I see now that async-std does not recommend blindly eschewing sync isolation in favor of blocking calls. Have you considered softening your message: "You simply don’t have to worry about [blocking] anymore"? This is a fairly literal statement and I have assumed from the start that it is meant to be true. I would imagine many others are confused by this, possibly explaining the backlash you guys have received over this PR. Perhaps it would be better to imply that blocking is sometimes better and this should be measured for before assuming one way or the other. It is my experience that Rust developers are concerned heavily with correctness, moreso than other communities; and potential pitfalls like spurious panics are not worth the potential minor speed gains. FWIW, when using tokio, the natural way for me to implement a diesel bridge was a fixed-size thread pool that resulted in no danger of spurious panics.

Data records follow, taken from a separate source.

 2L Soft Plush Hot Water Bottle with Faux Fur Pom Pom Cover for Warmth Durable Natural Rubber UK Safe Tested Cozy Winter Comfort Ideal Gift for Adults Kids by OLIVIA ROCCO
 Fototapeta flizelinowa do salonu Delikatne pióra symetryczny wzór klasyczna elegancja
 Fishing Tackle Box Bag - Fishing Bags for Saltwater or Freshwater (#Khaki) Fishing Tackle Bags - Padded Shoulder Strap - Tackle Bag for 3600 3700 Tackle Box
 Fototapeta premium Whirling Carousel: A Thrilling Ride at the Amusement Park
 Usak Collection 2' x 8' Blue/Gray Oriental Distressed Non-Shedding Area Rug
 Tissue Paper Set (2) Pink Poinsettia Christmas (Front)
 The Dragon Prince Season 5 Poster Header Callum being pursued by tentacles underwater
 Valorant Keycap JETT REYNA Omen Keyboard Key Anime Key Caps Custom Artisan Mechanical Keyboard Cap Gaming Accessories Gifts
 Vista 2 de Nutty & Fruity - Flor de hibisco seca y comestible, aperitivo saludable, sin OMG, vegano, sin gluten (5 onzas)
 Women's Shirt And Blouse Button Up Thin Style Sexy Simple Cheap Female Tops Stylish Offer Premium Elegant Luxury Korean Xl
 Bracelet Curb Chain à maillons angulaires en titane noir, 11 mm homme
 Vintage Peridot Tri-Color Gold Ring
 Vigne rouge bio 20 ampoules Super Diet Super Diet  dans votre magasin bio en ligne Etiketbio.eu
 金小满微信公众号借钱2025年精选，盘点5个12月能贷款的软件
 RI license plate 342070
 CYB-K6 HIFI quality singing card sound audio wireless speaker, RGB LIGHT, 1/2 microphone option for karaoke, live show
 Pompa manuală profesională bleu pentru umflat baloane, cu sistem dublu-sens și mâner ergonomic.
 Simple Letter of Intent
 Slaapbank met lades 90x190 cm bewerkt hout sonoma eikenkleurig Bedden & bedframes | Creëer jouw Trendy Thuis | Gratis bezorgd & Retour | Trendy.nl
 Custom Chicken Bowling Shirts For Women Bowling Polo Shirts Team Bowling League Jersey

Have you also considered drafting an RFC to relax the poll requirements on the Future trait? The runtime contract states:

An implementation of poll should strive to return quickly, and should not block.

According to the API, deliberately crafting async functions with blocking characteristics (not necessarily just database calls) breaks the non-blocking requirement. This does pose a coupling requirement as libraries specifically built for async-std may not work correctly for another executor like tokio or even in basic combinators such as those found in futures-rs.

Personally, these two points are important. Rust is a niche language as it stands, and any source of confusion makes it much more difficult to onboard for. It is even harder if the general Rust community is reading into this feature as making blocking "a thing of the past" based on an official blog post.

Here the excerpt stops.